** Data section follows **

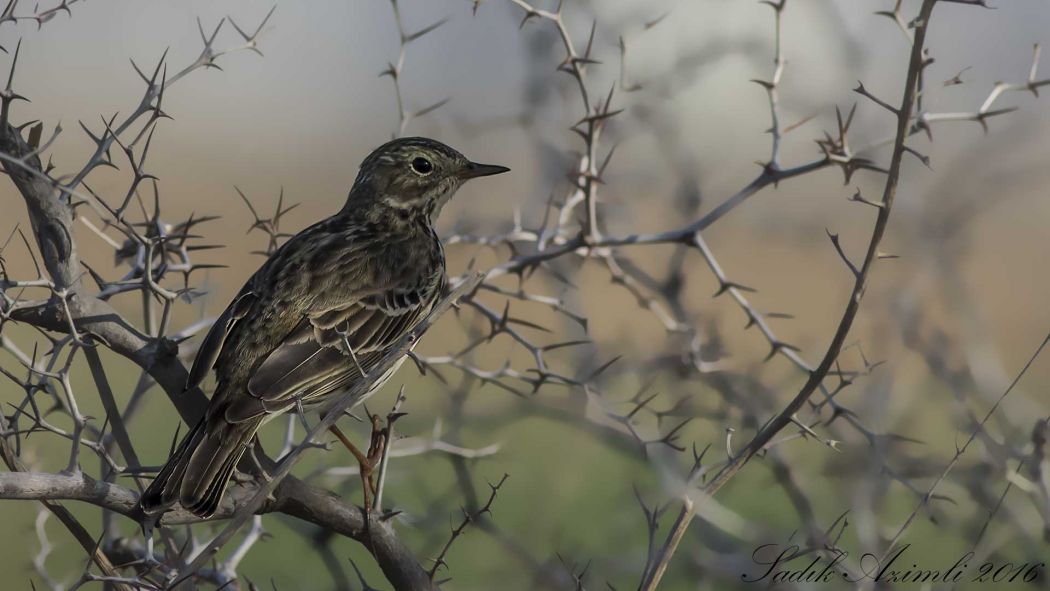 Meadow Pipit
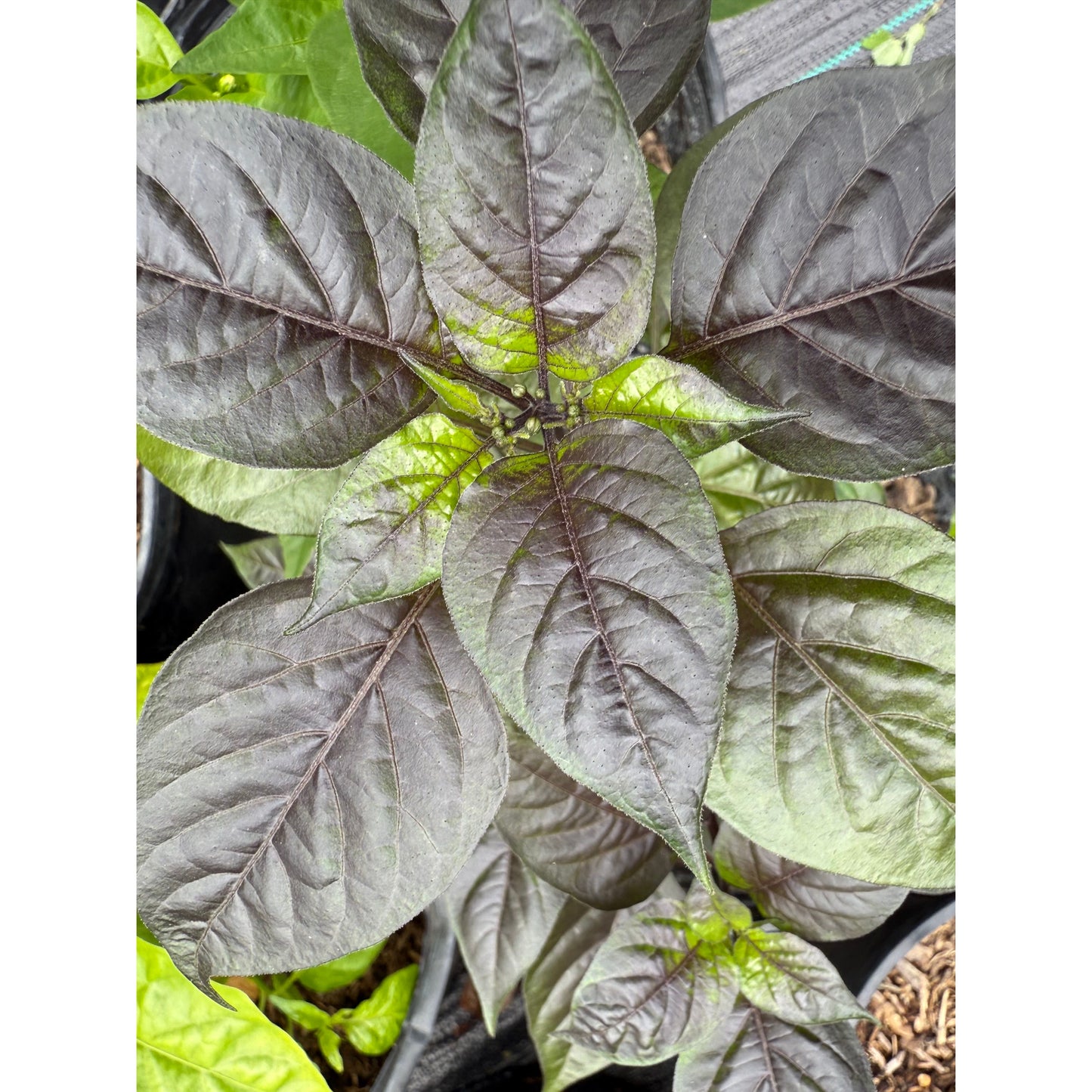 Piatezema Black Hot Pepper Seeds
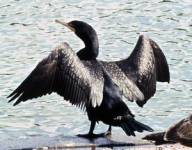 Ohrenscharbe (Phalacrocorax auritus)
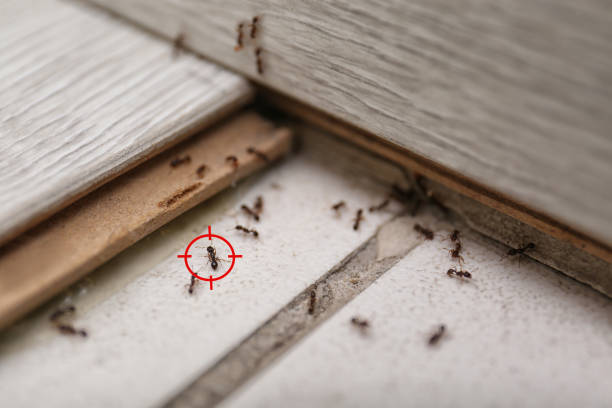Best Termite Control Services  in Salida Del Sol Estates, TX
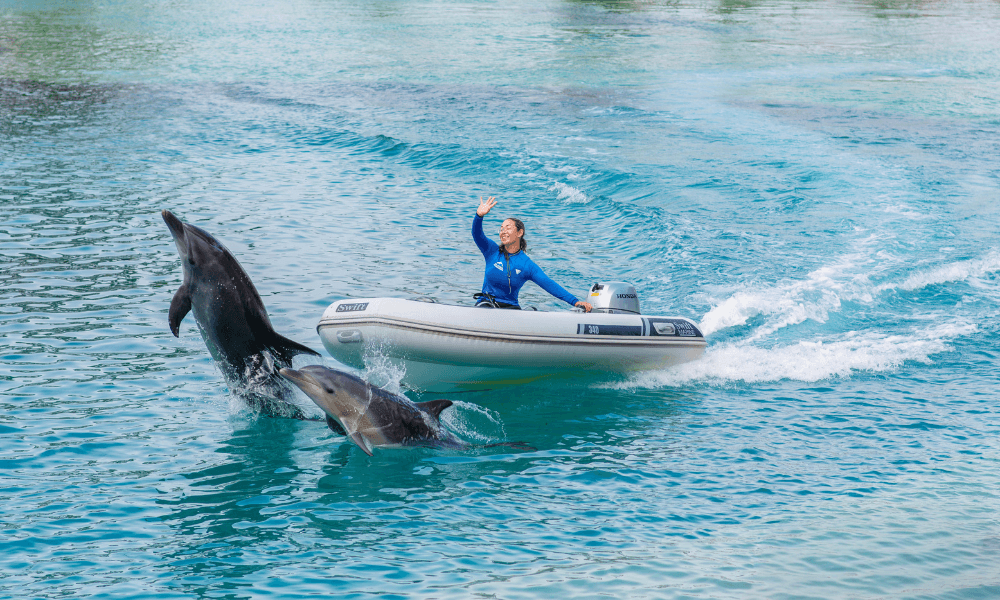 Dolphins swimming in front of a boat at Sea World Gold Coast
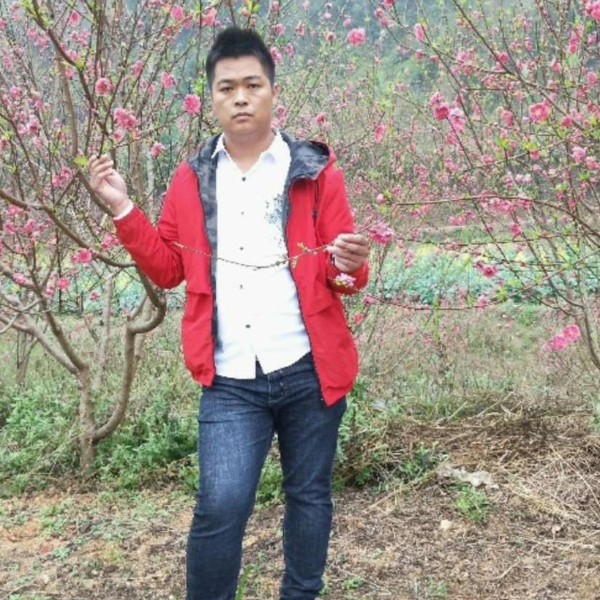 草丛倾心义气的照片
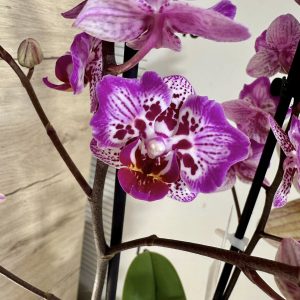 Фаленопсис Пелорик 2 цв.  #443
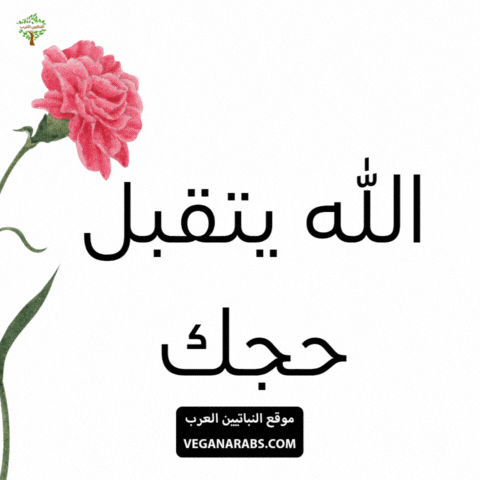 Eid Allah GIF by VeganArabs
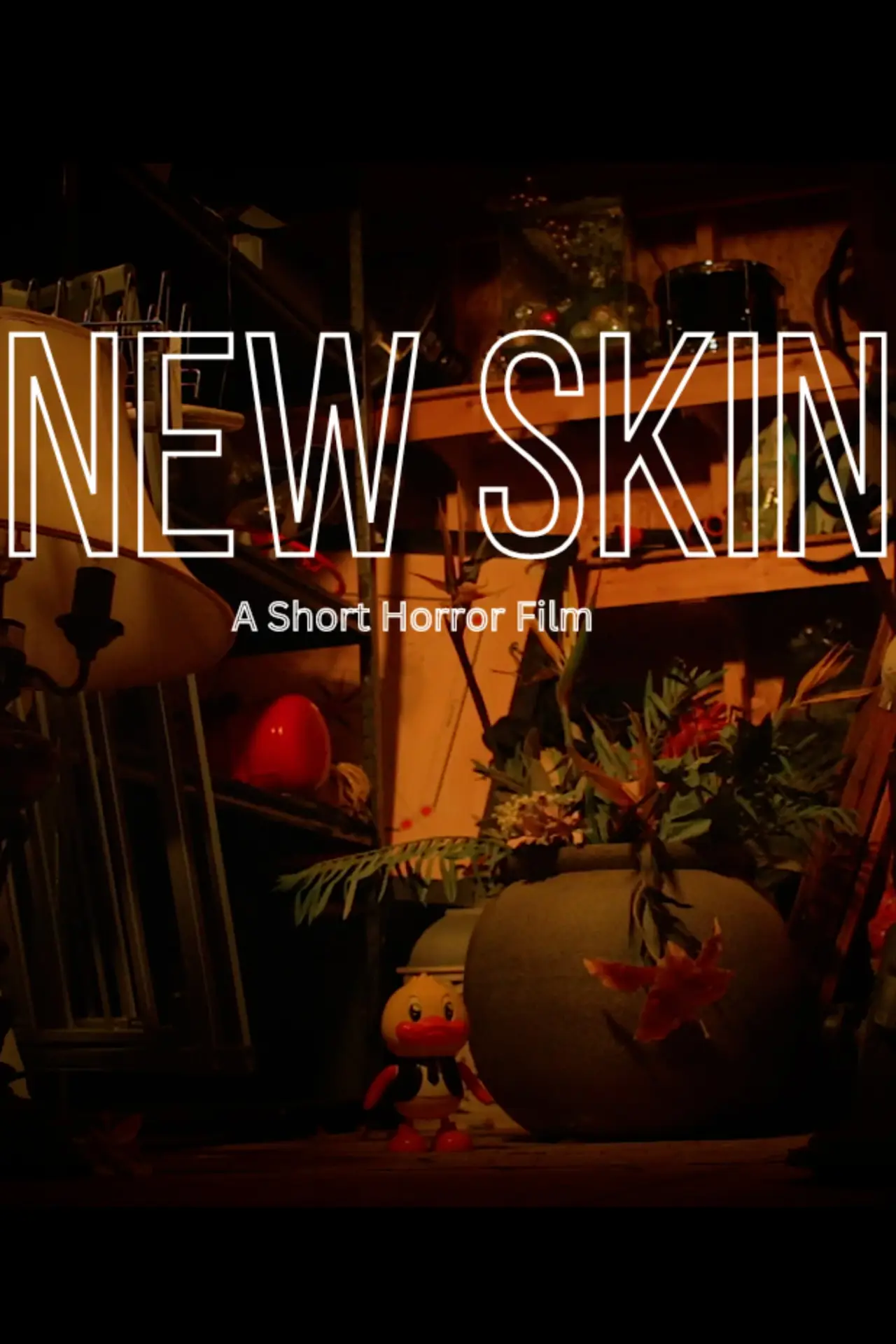 Постер к фильму "New Skin"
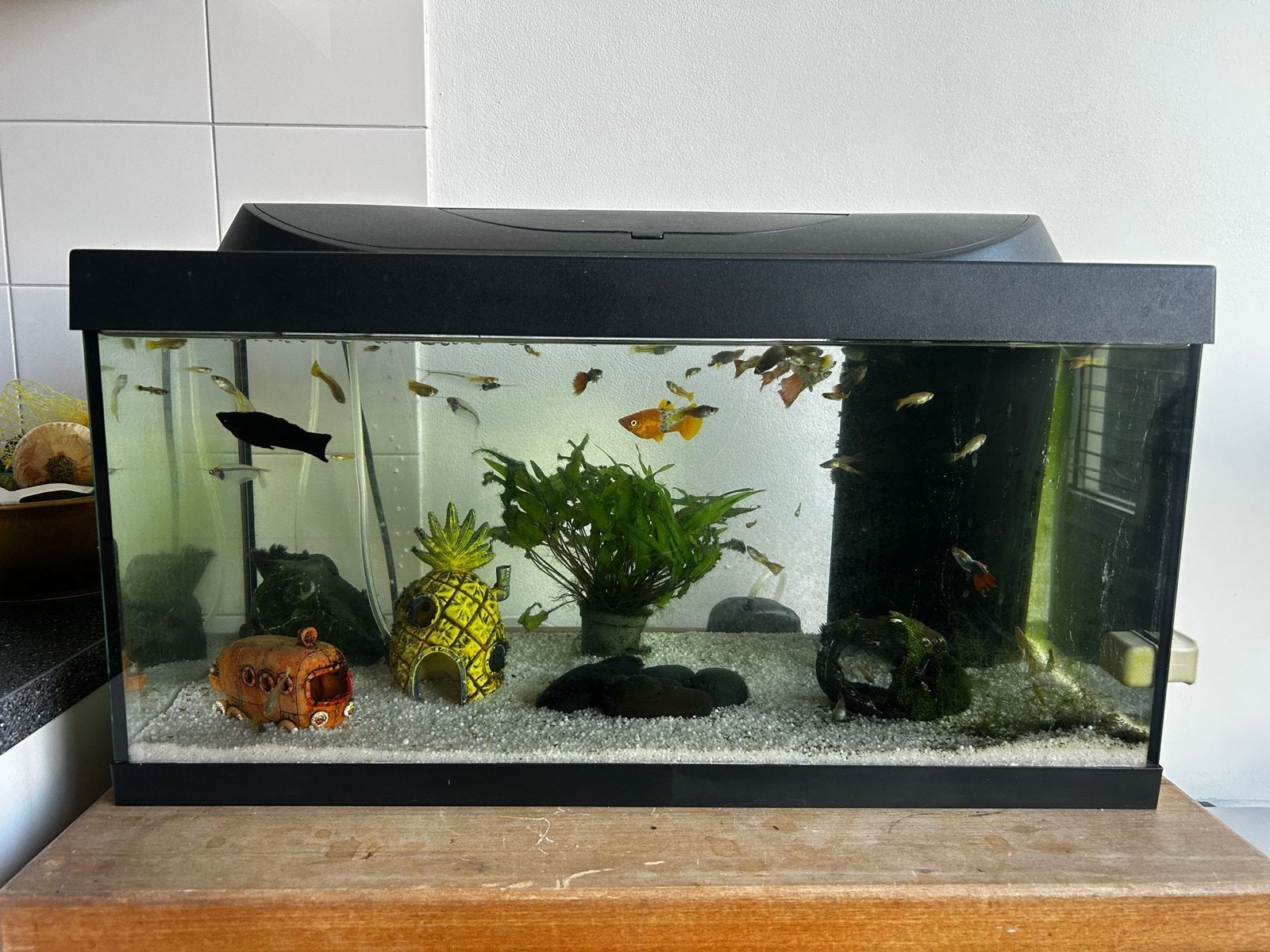 Aquarium incl. vissen en accessoires, Ophalen, Gevuld zoetwateraquarium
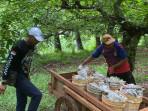 Petani-Desa-Tasikmadu-Kecamatan-Palang-Kabupaten-Tuban-mengangkut-hasil-panen-belimbing.jpg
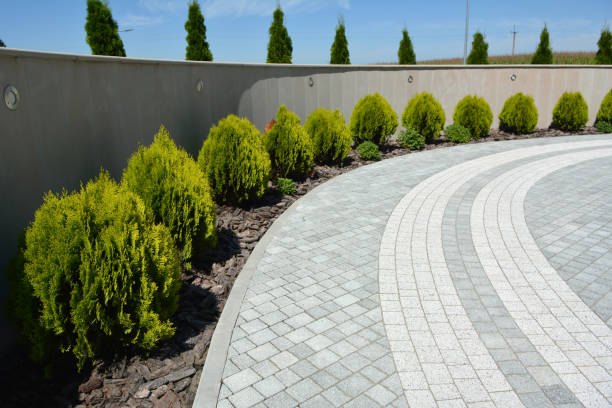 Best Interlocking Driveway Pavers  in Holly Springs, NC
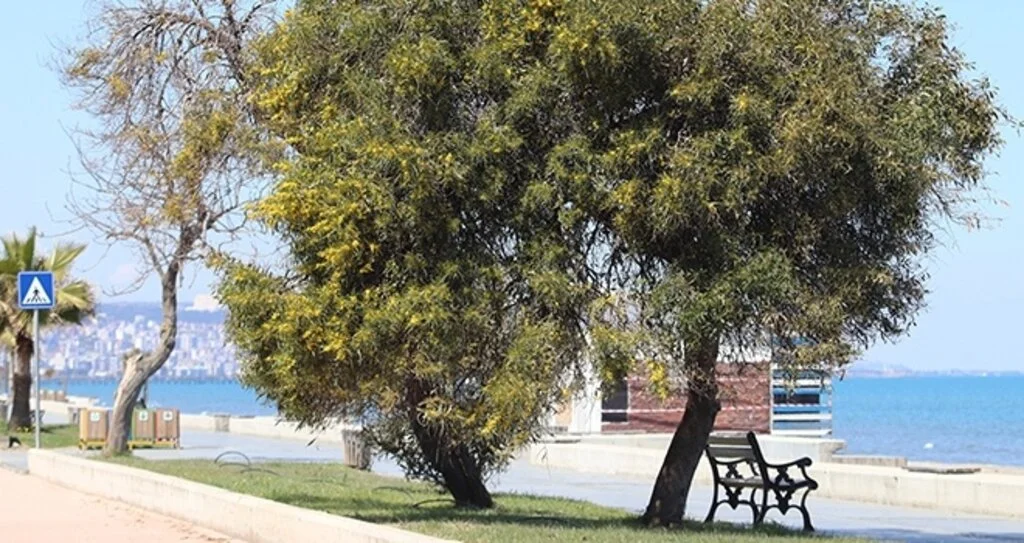 Korona virüs nedeniyle boşalan Atakum sahilinde mimoza güzelliği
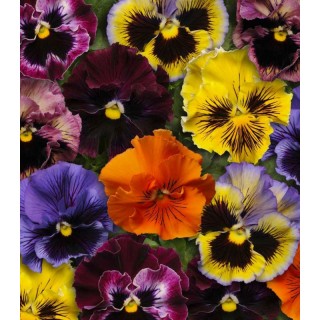 Seminte de Panselute Frizzle Sizzle Mix F1 | Viola wittrokiana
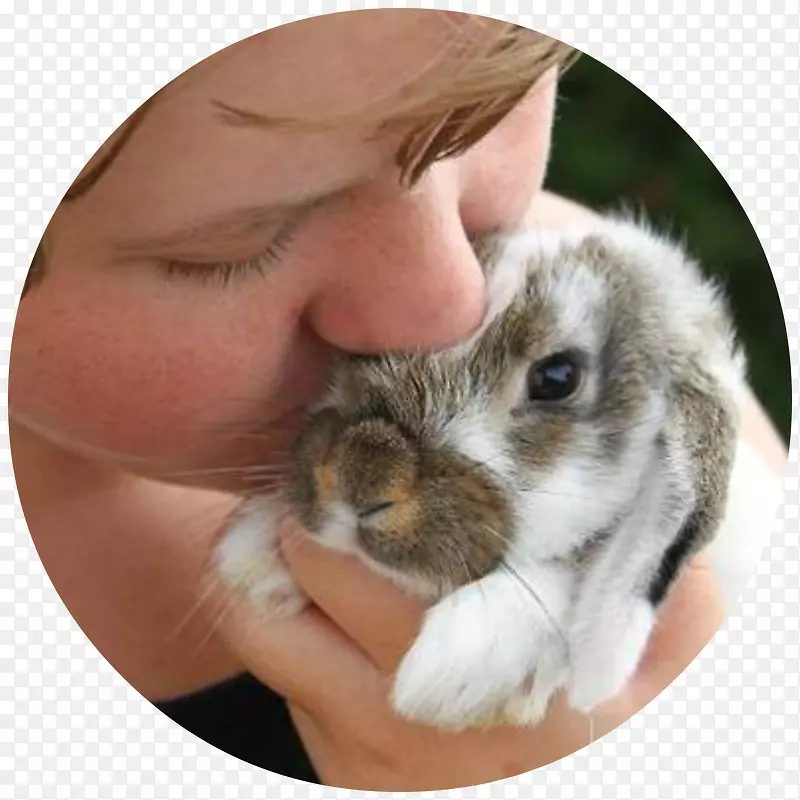 兔耳鼻兔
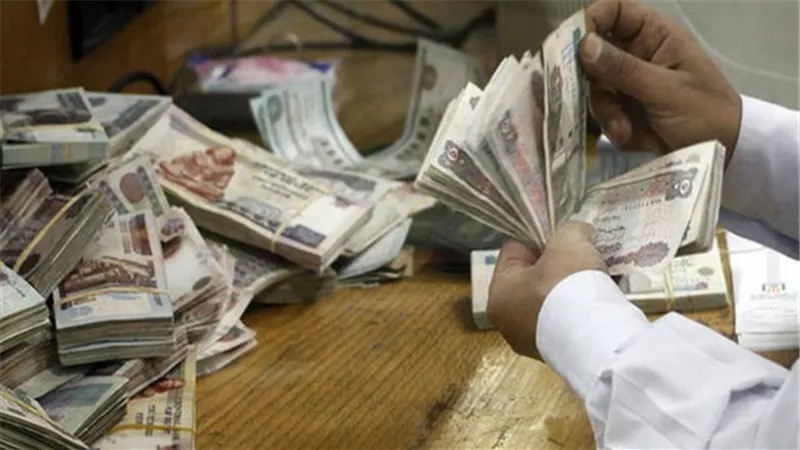 وزير المالية: صرف مرتبات العاملين بالدولة يوم 19 بدلا من 23 أبريل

** End of Data section **

Your goal:
Return, exactly and without extra lines, everything from the line with "Dolphins swimming in" through the last line of the material above, both included. Pictures must be dropped.

Problem solution:
 Dolphins swimming in front of a boat at Sea World Gold Coast
 草丛倾心义气的照片
 Фаленопсис Пелорик 2 цв.  #443
 Eid Allah GIF by VeganArabs
 Постер к фильму "New Skin"
 Aquarium incl. vissen en accessoires, Ophalen, Gevuld zoetwateraquarium
 Petani-Desa-Tasikmadu-Kecamatan-Palang-Kabupaten-Tuban-mengangkut-hasil-panen-belimbing.jpg
 Best Interlocking Driveway Pavers  in Holly Springs, NC
 Korona virüs nedeniyle boşalan Atakum sahilinde mimoza güzelliği
 Seminte de Panselute Frizzle Sizzle Mix F1 | Viola wittrokiana
 兔耳鼻兔
 وزير المالية: صرف مرتبات العاملين بالدولة يوم 19 بدلا من 23 أبريل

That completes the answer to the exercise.